Other situations can cause the reduction of wind power generation in power systems with a significant number of wind farms. In addition to that, this paper explores the effect of Distributed Generation (DG) on the load demand curve and the ramp rate of the thermal power generation.
To reduce such a problem and improve power grid operation, the works of [4,5,6,7] apply BESS as an option. In this paper, the main application of BESS is to provide an energy time-shift in DOS.
With several sources in a complex power system, the DOS aims to establish a daily generation of each source to attend the load demand optimally and safely for each hour of the day, always for the next day. Furthermore, for the Brazilian national independent system operator, the DOS is a short-term problem with a horizon of up to 2 weeks, with hourly discretization. In this case, more details about the power system are provided, such as, for example, the constraints related to the generating machines and the electric grid, allowing greater reproducibility of the operation by the agents. Plus, the DOS problem can be represented by the DC optimal power flow (DCOPF) problem to explore properties of the real problem, as seen in [8].
This work is justified as a result of progressive energy market deregulation in some countries with a significant number of wind power plants (WPPs) in HTWP systems and continental-size, like Brazil. In this scenario, it is expected that the energy pricing policy is the main target, as seen in [9,10,11,12]. Then, an economic signal that should be applied to the day-ahead electricity market is the Locational Marginal Pricing (LMP). This signal is determined by the iteration between the source and the load demand, to get the supply of the cheapest energy source, considering losses and congestion of the transmission grid.
However, for HTWP systems, wind and photovoltaic electricity generation are rarely assessed for economic reasons or as a decision variable for the DCOPF problem, as seen in [13,14,15,16,17,18]. Therefore, this work considers the pricing in the DOS of HTWP systems with the wind and photovoltaic power generation as being variables of the problem and they are modeled with zero-cost. In addition to that, an analysis of the BESS effect to reduce the total operation cost and the WPC is proposed. Plus, the modeling of the DOS problem allows a partial supply of WPP (with power curtailment) due to the safe operation requirements [19,20,21].
The DCOPF, which represents the DOS problem, is solved using the predictor–corrector primal-dual Interior Point Method (IPM). To consider the loss of the system, a modified method, based on [22,23,24,25], is used to calculate the LMP. The test system is a modified version of the IEEE 24-bus that may represent Brazil.
In Brazil, the Energy Research Company forecasts that the average load demand will grow 3.2% per year until 2030, as seen in [26]. In this country, several generation ventures are being built to assist load demand, mainly wind farms.
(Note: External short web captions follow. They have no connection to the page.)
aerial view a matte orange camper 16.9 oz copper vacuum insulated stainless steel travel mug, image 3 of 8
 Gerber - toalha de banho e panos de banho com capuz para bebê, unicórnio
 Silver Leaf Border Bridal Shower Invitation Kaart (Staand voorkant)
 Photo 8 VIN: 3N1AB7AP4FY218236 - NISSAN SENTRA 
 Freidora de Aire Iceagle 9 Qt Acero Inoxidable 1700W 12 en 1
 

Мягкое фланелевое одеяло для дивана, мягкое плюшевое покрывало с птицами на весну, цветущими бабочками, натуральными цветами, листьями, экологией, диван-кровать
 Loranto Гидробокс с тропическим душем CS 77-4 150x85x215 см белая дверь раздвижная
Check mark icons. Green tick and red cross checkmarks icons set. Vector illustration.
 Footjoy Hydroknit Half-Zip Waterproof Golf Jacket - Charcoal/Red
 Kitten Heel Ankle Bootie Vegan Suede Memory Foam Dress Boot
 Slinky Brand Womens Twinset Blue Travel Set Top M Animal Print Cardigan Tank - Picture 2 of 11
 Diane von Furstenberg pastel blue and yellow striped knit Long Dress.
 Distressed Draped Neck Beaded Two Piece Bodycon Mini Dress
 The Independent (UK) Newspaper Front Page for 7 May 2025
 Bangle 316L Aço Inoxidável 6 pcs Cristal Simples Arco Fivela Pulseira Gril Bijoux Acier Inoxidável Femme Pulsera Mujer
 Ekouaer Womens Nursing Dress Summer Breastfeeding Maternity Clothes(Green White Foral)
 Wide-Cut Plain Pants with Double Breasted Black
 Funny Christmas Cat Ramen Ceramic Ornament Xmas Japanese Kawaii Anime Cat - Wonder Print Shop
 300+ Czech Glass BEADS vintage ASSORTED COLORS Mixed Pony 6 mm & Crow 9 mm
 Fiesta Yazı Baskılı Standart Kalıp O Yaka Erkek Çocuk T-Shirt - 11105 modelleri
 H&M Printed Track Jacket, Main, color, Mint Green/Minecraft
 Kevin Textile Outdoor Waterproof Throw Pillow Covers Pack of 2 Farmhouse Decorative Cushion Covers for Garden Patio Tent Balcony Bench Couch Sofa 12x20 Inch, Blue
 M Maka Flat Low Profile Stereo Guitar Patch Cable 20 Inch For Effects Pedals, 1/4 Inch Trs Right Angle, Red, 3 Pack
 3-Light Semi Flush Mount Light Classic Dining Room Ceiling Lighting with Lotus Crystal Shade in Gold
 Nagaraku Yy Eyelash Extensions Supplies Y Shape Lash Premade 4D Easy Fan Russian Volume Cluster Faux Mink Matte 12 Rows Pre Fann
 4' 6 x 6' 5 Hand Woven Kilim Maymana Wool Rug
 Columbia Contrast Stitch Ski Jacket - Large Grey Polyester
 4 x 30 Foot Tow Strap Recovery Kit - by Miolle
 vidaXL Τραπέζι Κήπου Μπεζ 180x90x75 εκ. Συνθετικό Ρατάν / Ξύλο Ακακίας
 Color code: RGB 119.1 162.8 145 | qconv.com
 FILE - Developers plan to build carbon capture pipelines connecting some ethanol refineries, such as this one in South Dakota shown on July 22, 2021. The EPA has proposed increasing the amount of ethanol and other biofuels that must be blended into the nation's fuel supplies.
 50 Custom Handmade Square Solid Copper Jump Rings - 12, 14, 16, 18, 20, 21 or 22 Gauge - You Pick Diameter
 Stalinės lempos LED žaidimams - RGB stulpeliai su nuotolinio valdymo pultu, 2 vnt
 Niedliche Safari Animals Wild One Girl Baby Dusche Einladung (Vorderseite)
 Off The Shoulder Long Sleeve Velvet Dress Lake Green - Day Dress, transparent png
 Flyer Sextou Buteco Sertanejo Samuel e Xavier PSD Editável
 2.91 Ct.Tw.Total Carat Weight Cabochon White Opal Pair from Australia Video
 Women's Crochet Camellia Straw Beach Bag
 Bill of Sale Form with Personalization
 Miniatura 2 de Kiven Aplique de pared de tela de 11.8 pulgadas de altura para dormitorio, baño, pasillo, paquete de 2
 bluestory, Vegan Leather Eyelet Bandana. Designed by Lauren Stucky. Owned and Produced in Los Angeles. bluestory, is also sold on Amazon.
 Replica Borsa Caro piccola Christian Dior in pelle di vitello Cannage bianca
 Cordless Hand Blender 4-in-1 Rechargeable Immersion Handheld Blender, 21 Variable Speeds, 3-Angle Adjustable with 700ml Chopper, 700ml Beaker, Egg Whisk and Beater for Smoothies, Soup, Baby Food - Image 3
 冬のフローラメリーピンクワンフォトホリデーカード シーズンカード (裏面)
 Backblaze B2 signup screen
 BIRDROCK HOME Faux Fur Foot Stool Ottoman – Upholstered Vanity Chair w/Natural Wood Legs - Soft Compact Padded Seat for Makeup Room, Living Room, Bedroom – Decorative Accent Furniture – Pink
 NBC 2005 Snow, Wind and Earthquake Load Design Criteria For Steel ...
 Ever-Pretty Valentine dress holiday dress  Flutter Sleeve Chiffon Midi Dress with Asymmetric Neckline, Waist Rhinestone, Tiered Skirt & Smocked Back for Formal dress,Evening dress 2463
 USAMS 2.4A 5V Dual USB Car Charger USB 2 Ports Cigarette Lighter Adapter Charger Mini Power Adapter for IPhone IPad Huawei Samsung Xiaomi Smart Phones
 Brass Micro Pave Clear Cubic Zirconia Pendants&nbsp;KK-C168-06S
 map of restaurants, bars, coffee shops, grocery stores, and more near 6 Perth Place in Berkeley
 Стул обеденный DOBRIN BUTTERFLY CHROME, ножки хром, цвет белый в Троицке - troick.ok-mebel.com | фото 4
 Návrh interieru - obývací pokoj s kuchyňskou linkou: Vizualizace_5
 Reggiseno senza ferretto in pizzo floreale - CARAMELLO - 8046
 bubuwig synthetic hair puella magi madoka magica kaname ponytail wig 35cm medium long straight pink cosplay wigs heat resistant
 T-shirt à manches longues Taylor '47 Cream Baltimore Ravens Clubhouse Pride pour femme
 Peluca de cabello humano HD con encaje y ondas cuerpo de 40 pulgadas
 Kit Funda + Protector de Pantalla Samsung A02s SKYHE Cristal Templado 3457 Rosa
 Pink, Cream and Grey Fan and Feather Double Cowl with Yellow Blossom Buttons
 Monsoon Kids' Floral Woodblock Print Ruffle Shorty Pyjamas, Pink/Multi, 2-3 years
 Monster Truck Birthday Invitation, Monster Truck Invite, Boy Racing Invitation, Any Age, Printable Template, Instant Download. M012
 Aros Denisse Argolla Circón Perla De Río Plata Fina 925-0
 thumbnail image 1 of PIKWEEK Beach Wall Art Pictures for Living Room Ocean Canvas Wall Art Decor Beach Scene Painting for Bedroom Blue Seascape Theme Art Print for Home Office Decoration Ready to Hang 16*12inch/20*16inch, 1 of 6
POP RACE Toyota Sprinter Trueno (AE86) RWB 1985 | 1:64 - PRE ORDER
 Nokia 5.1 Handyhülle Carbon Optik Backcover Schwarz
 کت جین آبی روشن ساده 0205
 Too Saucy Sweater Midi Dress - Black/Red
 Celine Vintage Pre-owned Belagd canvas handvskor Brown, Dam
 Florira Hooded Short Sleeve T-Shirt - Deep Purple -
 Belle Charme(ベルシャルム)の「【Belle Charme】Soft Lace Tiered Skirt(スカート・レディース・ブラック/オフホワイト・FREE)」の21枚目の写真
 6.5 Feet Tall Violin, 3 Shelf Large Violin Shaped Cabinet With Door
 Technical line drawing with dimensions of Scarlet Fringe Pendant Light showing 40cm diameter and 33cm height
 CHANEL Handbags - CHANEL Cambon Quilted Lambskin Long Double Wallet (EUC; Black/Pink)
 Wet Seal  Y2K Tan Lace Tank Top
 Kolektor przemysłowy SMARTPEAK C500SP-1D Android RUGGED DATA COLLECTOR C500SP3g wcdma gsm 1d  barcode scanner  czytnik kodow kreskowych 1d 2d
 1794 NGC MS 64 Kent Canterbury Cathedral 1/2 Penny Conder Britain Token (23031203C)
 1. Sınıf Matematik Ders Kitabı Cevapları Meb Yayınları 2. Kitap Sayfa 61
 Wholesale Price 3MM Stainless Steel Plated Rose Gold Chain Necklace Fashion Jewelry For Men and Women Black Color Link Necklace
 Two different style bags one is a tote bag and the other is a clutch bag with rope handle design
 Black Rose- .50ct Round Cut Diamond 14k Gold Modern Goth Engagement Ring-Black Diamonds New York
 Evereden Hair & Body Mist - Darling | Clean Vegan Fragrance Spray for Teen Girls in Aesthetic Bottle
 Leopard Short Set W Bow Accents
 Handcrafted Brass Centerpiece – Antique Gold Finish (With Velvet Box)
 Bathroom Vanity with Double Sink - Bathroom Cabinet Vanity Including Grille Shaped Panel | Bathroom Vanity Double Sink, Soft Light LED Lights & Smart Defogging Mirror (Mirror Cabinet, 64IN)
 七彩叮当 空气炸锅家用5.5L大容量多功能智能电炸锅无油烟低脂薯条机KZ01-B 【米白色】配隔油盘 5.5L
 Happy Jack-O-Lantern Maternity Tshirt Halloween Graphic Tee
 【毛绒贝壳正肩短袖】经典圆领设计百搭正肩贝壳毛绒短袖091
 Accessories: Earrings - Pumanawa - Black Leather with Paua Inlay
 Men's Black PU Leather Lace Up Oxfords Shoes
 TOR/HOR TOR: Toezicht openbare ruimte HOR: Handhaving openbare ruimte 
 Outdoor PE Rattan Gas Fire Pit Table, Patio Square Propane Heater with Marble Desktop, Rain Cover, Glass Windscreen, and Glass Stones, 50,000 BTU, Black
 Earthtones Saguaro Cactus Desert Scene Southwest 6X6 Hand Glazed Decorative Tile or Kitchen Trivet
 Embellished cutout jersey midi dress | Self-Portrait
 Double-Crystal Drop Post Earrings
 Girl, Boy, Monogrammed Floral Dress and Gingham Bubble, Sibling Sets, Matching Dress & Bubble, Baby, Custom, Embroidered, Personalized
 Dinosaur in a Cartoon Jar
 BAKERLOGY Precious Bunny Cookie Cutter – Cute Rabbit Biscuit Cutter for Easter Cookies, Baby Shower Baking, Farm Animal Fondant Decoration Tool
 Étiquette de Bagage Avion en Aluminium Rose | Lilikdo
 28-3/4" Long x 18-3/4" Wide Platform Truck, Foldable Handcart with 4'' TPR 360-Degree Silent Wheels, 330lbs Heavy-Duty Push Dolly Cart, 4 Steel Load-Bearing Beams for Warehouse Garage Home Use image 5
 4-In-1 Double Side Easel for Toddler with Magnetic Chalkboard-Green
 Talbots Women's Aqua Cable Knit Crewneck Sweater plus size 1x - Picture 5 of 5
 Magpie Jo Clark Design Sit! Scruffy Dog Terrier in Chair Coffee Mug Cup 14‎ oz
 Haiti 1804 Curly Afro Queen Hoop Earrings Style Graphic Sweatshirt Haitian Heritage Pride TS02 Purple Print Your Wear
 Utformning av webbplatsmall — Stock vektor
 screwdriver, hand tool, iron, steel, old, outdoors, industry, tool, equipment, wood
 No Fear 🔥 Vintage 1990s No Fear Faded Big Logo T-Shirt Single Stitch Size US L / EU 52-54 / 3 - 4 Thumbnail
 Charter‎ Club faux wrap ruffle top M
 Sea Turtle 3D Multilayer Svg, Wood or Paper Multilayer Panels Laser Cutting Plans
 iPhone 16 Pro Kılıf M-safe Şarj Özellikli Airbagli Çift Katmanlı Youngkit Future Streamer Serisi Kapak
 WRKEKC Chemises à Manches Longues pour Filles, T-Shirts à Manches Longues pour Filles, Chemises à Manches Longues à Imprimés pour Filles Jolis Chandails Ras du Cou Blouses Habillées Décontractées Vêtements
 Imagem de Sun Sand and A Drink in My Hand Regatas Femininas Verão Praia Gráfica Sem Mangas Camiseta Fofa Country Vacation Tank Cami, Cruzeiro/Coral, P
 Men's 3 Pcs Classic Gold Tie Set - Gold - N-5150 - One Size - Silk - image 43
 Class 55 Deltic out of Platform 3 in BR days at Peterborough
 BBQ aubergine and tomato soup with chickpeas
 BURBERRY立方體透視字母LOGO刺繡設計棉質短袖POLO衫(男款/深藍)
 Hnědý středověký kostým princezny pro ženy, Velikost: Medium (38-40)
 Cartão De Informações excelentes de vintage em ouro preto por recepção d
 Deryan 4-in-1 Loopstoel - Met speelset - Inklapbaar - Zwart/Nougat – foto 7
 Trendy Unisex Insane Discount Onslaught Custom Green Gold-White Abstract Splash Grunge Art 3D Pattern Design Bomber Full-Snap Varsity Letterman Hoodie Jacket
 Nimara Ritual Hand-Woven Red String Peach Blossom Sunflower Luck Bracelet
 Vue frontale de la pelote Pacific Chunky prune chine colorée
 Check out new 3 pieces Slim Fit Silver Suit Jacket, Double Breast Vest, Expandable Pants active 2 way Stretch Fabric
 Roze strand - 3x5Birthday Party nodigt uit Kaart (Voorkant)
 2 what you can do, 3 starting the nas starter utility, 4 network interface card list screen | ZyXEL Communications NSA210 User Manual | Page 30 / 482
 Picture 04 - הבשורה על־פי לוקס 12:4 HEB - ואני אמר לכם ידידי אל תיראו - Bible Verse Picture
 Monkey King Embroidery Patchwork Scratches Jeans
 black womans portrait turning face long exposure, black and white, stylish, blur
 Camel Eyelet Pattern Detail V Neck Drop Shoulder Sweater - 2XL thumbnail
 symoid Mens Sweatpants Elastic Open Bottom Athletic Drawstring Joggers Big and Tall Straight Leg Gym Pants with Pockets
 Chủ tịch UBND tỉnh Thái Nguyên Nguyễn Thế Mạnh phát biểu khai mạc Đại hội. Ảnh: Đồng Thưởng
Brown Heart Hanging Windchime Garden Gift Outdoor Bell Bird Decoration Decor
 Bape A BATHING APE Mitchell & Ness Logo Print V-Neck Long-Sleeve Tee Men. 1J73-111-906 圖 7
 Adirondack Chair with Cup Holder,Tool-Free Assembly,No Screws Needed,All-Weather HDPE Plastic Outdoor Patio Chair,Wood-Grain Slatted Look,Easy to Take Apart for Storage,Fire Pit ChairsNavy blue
According to [27], the installed wind power generation capacity has increased from 25 MW in 2005 to 15.762 GW in 2020.
In this scenario, the northeast subsystem stands out with more than 85% of the wind power generation capacity, with the states of Bahia and Rio Grande do Norte contributing the most to this type of generation. Furthermore, since 2018 there has been a record of the entire subsystem being served by wind power energy and still being able to export a certain amount of energy [27].
Moreover, there is a positive fact that the wind power seasonality in the northeast subsystem is complementary to the water profile. In Figure 1, it is possible to observe this complementarity through the curves of the average affluent natural energy and the average wind power generation in 2019 [27]. Although photovoltaic generation is not complementary to either of the two sources mentioned above, its growth has been gaining prominence in recent years. Solar irradiation in the northeastern region of Brazil does not have a characteristic variation over the year as the wind power generation, as can be seen in [28].
This complementarity is a reason that brings security to the energy supply. In addition, wind power generation is spread across the northeast subsystem, which causes a difference in wind behavior during the day. Figure 2 shows the average hourly capacity factor curves of WPPs in the states of Bahia (inland) and Rio Grande do Norte (coast) in 2019, as well as the daily profile of average load demand curve for the northeast subsystem, in the same year [27].
The WPC has been strongly discussed in the literature on thermal-based systems. Yet, for hydro-based systems predominantly, as in Brazilian ones, the power depends on river inflows and reservoir storage levels. In the driest period, this may cause a risk of energy deficit, as can be seen in [8,29]. Therefore, in this case, the priority is to use the available wind or photovoltaic power. Furthermore, the continental dimensions of Brazil and the fact that the power system is regionally connected make the country even more dependent on hydrological and wind regimes. This point causes an interdependence among the subsystems and is necessary to avoid WPC for energy security, economic and strategic reasons [18].
More specifically, the main contribution of this paper is to present an analysis in which the wind power generation, modeled as a variable and with the help of BESS, performs an efficient WPC in the DOS of HTWP systems. Thus, a new contribution is provided, since the analysis shown here may be an economical solution.
Following, in Section 2 is described the DOS formulation used in HTWP systems with BESS and the WPC, and it is shown how the losses were included in the DCOPF problem to calculate the LMP values by an iterative method. The studied cases and results are shown in Section 3. Finally, in Section 4 are presented discussions and the conclusion of the study, respectively.

2. Materials and Methods

The DOS problem aims to minimize the operation costs, and the decision variables are time-linking. In other words, the modeling used here is assembled so that the solution of the problem is found considering the variable for the first hour of the day and the last one. The mathematical formulation of the DOS problem considered here is described below.
Following, the t index represents each hour of the day, and the maximum length is T = 24 . In addition to that, the i index represents each bus of the system, and the Ω i is the set of buses.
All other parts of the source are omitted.